= Beginning of Section =

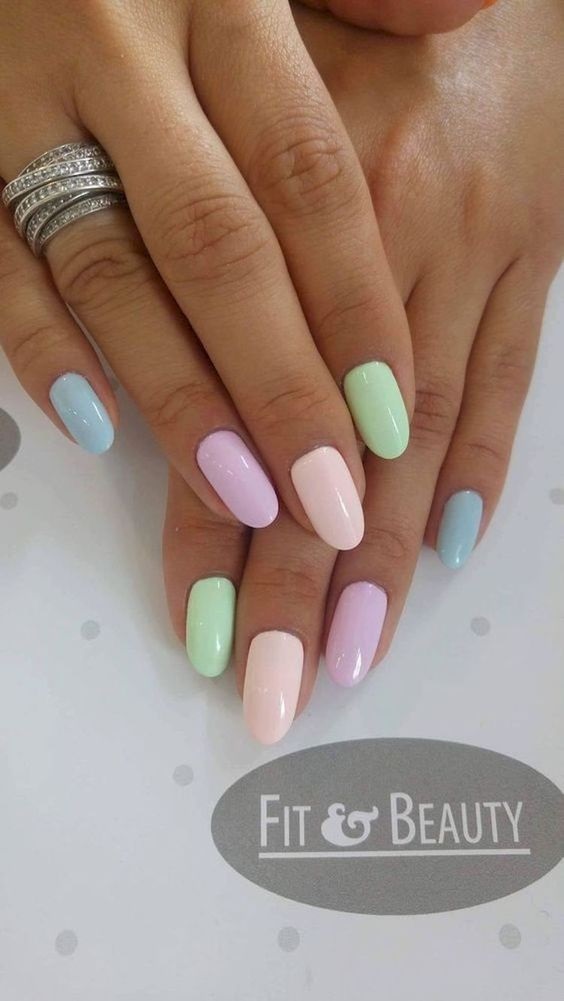 Brighten Your Seasonal Look with These Summer Nails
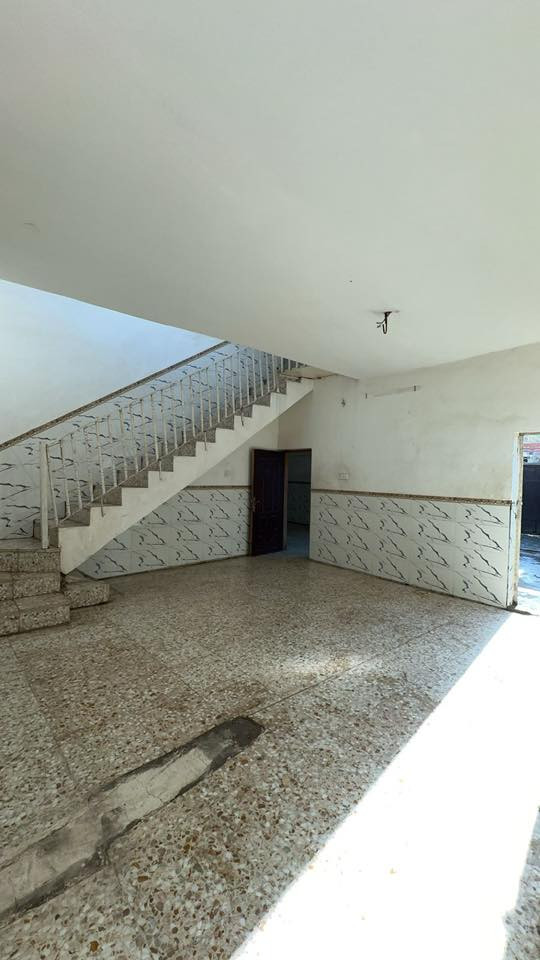 الايجار
المساحه 150 شارع 80 كربلاء مقابل مول نون ركن البيت 
***********
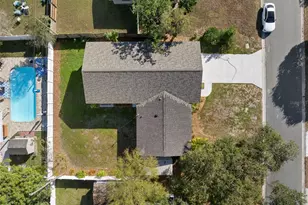 7211 Orpine Dr N, Saint Petersburg, FL 33702 - Photo 47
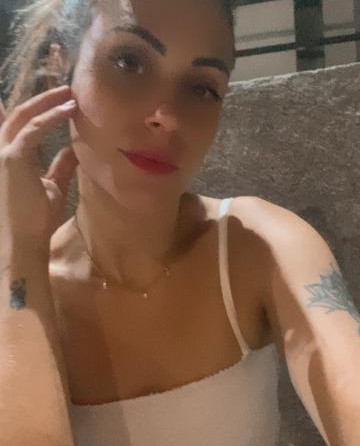 Eduarda Brosovitzki Acompanhante Adamantina e Virtual @duda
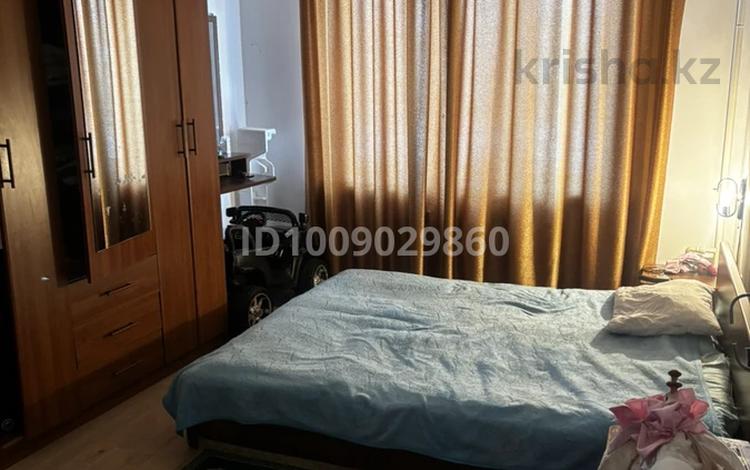 1-комнатная квартира · 40.1 м² · 1/5 этаж, мкр Арай-2 19 за 12 млн 〒 в Таразе — фото 2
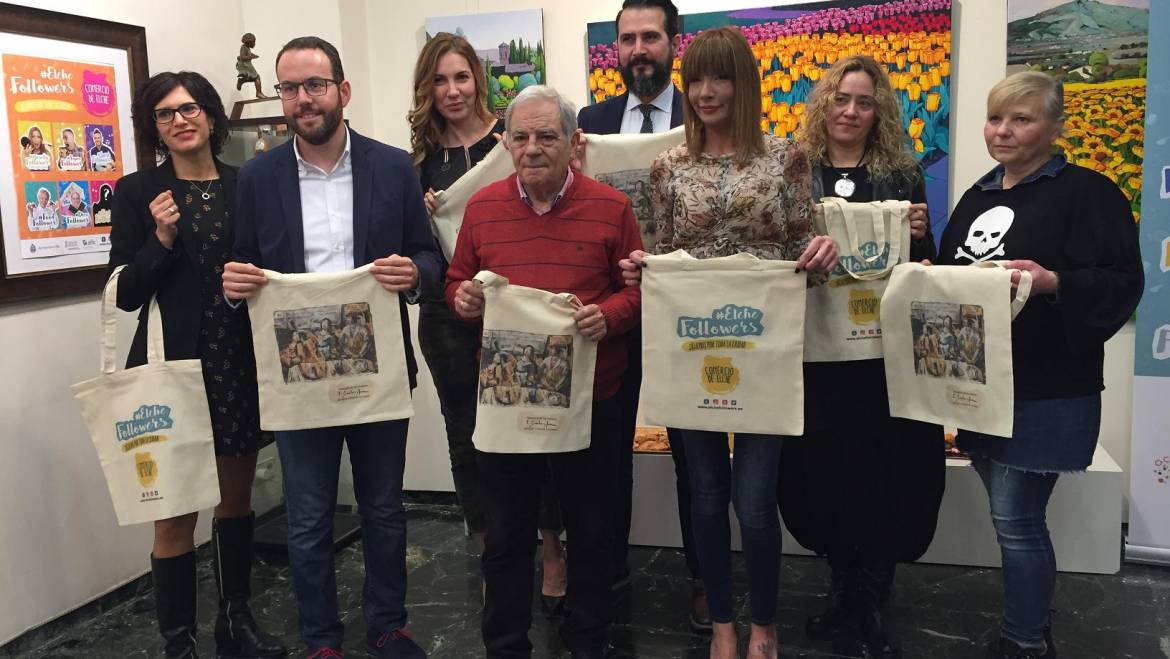 El artista Fernando Sánchez y Juan se une a la campaña #ElcheFollowers de promoción del pequeño comercio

= End of Section =

TASK DIRECTIONS: Leave the pictures aside and transcribe only the lines from the one holding "Eduarda Brosovitzki Acompanhante" through the final line of the records above.

SOLUTION TO THE PROBLEM:
 Eduarda Brosovitzki Acompanhante Adamantina e Virtual @duda
 1-комнатная квартира · 40.1 м² · 1/5 этаж, мкр Арай-2 19 за 12 млн 〒 в Таразе — фото 2
 El artista Fernando Sánchez y Juan se une a la campaña #ElcheFollowers de promoción del pequeño comercio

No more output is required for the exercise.